Eine Skitour pro Winter muss sein. Vom Tango zum Tanzboden.
Es ist wohl Zufall, dass unser jährliches Pflichtskitürchen auf den Tanzboden führt und gerade am Abend zuvor Christa beim Tanzen auf unserem Wohnzimmerboden das Knie überdehnt hat und es jetzt schmerzt. Sie beisst auf die Zähne und wir fahren durch den Frühlingsfebruar Richtung Ricken. Weit und breit kein Schnee zu sehen, nur Schneeglöcklein in den Wiesen, die schon erstes Grün angesetzt haben. Immer höher hinauf führt uns Heini mit dem Auto, wohl gar bis auf den Tanzboden selber, aber dann treffen wir doch noch auf Schnee und einen Parkplatz und treten in die Bindungen. Eine Piste ist gewalzt, einen Skilift sehen wir zwar nirgends. Soweit kommt’s noch, dass sogar die Routen von Touren zu betonharten und glatten Pisten gewalzt werden.

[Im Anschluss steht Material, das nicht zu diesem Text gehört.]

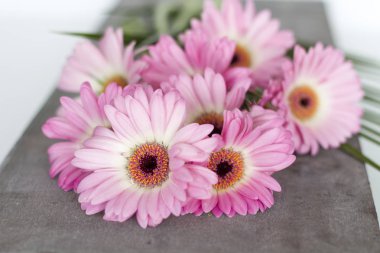 Beyaz arkaplanda pembe çiçekler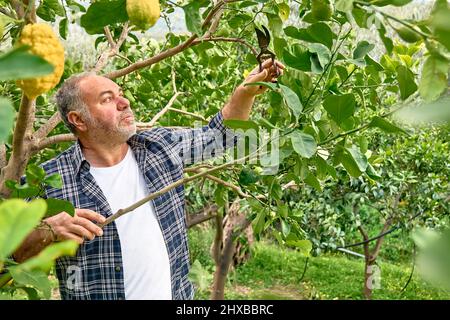 Potatura stagionale di alberi. Mature bearded giardiniere potando l'albero del limone con le cesoie di potatura. Prendersi cura del giardino. Ramo di albero di taglio. Giardino di primavera Foto Stock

Wir folgen dann einer einsamen Spur durch den Wald in die Höhe und ich meditiere dabei über den Tanz und den Tanzboden. Dabei kommt mir in den Sinn, dass ich letzthin einen Artikel gelesen habe, in dem der Autor schreibt, wie die Sprache die Wirklichkeit formt – also nicht umgekehrt, wie man meint. So wie etwa das Wort «Masseneinwanderung» die Wirklichkeit unseres Landes nun umkrempelt, obwohl es ja gar keine Masseneinwanderung gibt – die gibt’s in der Türkei, Jordanien und Libanon wegen dem Syrienkrieg, aber gewiss nicht bei uns. Und so hat vielleicht das Wort «Tanz» unseren Tourenvorschlag geformt. Also doch kein Zufall? Nein im Ernst, es war natürlich unser Heini, der im schönen Schritt voranspurt und dabei locker mit Christa plaudert, und ich keuche hinterher, zum ersten Mal wieder auf Ski diesen Winter, bzw. diesen vorgezogenen Frühling. Vom Grat fahren wir ein Stück ins Toggenburg hinunter, denn unserm Skiführer reichen die erkeuchten Höhenmeter noch keineswegs. Steil gehts wieder hoch und irgendwann sind wir dann doch oben auf dem Tanzboden beim unvermeidlichen Gipfelkreuz. Tanzboden heisst die flache Kuppe ja vielleicht, weil hier einst Hexen in der Walpurgisnacht wilde Tänze vollführten oder der Teufel eine Jungfrau zur Polka verführte. Das Kreuz hält die heidnischen Gestalten und Geister fern und schützt das Vieh auf der Alp und die Alpwirtschaft, die ganzjährig geöffnet ist, die wir aber meiden. Die Abfahrt durch weichen Schnee ist dann wunderbar. Während ich durch die Hänge schwinge, kommt mir wieder der Tanz vom Vorabend in den Sinn und ich denke, wenn mir der Tango doch nur auch so leicht fallen würde wie das Skifahren, das ich nie verlerne, auch wenn ich nur einmal im Jahr auf ein Skitürchen gehe und auf die Piste nie. Der Regelstein ein Stück nordwärts am Grat war meine erste Skitour vor Menschengenken, mit Vaters alten Eschenbrettern ohne Kanten oder Belag und Seehundsfellen, die schon fast alle Haare gelassen hatten.